━━━━━ PROVIDED MATERIAL
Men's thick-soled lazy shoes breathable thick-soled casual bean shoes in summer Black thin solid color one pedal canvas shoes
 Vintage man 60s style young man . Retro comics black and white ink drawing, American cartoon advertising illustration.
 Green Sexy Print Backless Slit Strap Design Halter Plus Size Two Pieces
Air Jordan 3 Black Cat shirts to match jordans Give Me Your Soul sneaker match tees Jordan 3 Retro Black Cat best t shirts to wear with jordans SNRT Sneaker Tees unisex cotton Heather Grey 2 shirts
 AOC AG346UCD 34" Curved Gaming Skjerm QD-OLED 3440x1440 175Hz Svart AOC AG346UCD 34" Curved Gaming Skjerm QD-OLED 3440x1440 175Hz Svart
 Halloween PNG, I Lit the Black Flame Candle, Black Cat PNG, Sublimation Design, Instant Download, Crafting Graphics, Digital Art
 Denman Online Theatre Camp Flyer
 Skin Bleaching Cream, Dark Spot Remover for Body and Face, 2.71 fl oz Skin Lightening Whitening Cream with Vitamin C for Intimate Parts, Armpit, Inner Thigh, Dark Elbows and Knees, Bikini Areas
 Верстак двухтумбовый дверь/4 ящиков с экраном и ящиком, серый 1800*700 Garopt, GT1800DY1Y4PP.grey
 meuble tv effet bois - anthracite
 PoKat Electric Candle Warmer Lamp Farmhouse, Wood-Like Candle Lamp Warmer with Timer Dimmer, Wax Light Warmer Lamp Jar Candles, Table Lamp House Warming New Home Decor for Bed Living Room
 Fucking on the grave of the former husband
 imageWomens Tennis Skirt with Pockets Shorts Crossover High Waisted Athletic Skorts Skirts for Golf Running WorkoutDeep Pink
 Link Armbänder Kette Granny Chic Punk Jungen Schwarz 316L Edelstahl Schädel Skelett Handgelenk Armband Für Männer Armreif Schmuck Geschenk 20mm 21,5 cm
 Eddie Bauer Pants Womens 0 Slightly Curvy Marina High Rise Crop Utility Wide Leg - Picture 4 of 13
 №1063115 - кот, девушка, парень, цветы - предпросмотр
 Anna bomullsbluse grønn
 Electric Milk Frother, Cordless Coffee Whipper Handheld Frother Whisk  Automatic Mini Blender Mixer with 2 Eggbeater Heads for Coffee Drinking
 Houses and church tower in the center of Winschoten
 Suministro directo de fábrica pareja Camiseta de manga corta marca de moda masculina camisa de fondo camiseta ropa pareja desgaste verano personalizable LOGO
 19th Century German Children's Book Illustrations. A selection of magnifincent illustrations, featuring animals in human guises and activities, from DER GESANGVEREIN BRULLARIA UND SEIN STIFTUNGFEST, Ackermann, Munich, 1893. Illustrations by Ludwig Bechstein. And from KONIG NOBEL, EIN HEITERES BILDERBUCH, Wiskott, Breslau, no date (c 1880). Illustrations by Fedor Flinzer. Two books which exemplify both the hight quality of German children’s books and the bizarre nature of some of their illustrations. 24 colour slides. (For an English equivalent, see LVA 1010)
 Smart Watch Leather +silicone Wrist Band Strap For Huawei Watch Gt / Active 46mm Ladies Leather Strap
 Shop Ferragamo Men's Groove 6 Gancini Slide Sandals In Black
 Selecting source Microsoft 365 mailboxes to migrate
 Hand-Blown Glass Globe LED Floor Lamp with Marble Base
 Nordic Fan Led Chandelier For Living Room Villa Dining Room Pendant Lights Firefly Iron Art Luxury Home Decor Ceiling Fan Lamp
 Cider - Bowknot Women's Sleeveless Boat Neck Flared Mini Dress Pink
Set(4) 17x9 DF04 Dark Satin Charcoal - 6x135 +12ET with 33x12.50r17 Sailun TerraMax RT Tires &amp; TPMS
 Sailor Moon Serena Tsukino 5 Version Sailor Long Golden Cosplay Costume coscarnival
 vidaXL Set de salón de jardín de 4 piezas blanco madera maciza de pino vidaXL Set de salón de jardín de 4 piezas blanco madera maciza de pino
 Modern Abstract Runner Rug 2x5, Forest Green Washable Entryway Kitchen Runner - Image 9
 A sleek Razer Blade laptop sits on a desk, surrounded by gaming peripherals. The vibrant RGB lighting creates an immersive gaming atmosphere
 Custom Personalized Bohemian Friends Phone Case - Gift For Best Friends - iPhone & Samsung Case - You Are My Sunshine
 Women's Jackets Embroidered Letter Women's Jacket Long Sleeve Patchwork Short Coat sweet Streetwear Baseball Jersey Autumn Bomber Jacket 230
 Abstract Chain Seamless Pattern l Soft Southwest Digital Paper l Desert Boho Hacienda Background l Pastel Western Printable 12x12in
━━━━━━━━━━
[EXERCISE OBJECTIVE]: Above are the records; from them, give again exactly the lines from the one containing "Link Armbänder Kette" to the one containing "Houses and church", both lines included, and nothing more.

[REPLY]:
 Link Armbänder Kette Granny Chic Punk Jungen Schwarz 316L Edelstahl Schädel Skelett Handgelenk Armband Für Männer Armreif Schmuck Geschenk 20mm 21,5 cm
 Eddie Bauer Pants Womens 0 Slightly Curvy Marina High Rise Crop Utility Wide Leg - Picture 4 of 13
 №1063115 - кот, девушка, парень, цветы - предпросмотр
 Anna bomullsbluse grønn
 Electric Milk Frother, Cordless Coffee Whipper Handheld Frother Whisk  Automatic Mini Blender Mixer with 2 Eggbeater Heads for Coffee Drinking
 Houses and church tower in the center of Winschoten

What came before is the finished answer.